+CC Claudiu: ARC gcc expert (please scroll to botom)

On Friday 30 October 2015 06:56 AM, Nicolas Pitre wrote:
> On Wed, 28 Oct 2015, Nicolas Pitre wrote:
>
>> On Thu, 29 Oct 2015, Alexey Brodkin wrote:
>>
>>> Fortunately we already have much better __div64_32() for 32-bit ARM.
>>> There in case of division by constant preprocessor calculates so-called
>>> "magic number" which is later used in multiplications instead of divisions.
>> It's not magic, it is science.  :-)
>>
>>> It's really nice and very optimal but obviously works only for ARM
>>> because ARM assembly is involved.
>>>
>>> Now why don't we extend the same approach to all other 32-bit arches
>>> with multiplication part implemented in pure C. With good compiler
>>> resulting assembly will be quite close to manually written assembly.
> Well... not as close at least on ARM.  Maybe 2x to 3x more costly than 
> the one with assembly.  Still better than 100x or so without this 
> optimization.
>
>>> But there's at least 1 problem which I don't know how to solve.

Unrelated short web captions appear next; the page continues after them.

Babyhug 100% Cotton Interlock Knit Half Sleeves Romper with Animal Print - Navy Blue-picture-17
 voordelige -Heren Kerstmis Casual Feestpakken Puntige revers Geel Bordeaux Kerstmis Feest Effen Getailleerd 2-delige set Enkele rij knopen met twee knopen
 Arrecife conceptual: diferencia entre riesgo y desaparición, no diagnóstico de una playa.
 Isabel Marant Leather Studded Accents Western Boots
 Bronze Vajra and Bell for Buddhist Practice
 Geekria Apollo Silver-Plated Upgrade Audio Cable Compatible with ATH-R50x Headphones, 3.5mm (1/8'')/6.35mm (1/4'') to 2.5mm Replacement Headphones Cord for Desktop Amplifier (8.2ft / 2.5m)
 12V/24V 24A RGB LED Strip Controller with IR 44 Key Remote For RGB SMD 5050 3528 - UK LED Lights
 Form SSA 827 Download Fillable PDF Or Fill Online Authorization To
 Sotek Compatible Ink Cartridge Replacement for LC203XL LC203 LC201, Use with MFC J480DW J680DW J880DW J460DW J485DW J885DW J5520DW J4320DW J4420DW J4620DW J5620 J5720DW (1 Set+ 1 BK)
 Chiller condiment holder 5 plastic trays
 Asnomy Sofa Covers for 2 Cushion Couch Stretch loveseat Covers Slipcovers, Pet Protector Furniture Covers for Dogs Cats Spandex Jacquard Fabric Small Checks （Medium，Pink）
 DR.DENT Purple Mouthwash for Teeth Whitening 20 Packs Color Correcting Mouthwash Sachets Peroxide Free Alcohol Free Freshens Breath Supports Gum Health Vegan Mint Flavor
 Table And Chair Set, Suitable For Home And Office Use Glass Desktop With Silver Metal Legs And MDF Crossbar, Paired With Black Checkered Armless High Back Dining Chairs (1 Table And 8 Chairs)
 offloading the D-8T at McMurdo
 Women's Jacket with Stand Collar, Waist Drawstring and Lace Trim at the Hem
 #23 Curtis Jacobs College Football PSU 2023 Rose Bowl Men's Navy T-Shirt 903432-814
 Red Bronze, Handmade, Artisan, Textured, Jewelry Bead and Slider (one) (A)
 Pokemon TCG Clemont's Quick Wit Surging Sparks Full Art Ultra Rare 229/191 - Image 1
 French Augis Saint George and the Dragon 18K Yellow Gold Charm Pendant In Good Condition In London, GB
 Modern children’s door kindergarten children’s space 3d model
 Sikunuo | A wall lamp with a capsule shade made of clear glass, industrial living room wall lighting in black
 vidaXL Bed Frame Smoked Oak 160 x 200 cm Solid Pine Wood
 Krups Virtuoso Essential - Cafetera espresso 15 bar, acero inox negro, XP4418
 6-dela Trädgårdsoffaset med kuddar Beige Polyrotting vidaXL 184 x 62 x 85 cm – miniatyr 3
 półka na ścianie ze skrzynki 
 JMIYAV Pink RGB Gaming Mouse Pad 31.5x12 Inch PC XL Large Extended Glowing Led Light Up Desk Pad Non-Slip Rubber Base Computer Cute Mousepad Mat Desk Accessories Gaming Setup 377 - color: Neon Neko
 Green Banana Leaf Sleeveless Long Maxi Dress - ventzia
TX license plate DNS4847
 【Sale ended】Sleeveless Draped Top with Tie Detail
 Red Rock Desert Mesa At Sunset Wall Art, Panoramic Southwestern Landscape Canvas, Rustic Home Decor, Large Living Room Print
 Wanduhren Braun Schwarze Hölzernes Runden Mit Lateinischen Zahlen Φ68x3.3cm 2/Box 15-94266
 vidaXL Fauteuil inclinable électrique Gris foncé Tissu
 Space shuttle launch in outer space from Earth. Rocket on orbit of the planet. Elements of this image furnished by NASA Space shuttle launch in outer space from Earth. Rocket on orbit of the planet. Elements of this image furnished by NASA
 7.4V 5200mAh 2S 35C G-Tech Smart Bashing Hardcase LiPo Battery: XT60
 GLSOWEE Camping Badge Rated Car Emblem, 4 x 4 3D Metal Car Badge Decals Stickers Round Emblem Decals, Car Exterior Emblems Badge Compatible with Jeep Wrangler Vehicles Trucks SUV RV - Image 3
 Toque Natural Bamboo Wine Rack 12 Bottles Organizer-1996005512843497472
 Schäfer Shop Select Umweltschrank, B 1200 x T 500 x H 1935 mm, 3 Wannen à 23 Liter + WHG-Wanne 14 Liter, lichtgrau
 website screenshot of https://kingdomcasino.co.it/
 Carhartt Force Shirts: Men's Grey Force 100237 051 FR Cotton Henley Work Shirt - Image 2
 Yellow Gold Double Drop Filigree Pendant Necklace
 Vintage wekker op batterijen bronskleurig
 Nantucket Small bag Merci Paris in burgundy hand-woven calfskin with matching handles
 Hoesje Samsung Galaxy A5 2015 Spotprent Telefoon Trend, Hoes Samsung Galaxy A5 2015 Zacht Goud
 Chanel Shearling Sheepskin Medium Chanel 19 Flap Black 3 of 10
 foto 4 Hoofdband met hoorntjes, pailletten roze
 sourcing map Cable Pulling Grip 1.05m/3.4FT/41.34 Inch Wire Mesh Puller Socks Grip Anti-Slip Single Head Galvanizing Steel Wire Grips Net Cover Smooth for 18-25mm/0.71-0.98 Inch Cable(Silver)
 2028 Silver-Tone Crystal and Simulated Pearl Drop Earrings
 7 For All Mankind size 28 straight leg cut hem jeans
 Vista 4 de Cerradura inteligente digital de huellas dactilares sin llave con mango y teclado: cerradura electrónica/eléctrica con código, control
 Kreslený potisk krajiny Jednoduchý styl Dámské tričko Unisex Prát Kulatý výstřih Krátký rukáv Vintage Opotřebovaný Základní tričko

>>> Preprocessor magic only happens if __div64_32() is inlined (that's
>>> obvious - preprocessor has to know if divider is constant or not).
>>>
>>> But __div64_32() is already marked as weak function (which in its turn
>>> is required to allow some architectures to provide its own optimal
>>> implementations). I.e. addition of "inline" for __div64_32() is not an
>>> option.
>> You can't inline __div64_32().  It should remain as is and used only for 
>> the slow path.
>>
>> For the constant based optimization to work, you need to modify do_div() 
>> in include/asm-generic/div64.h directly.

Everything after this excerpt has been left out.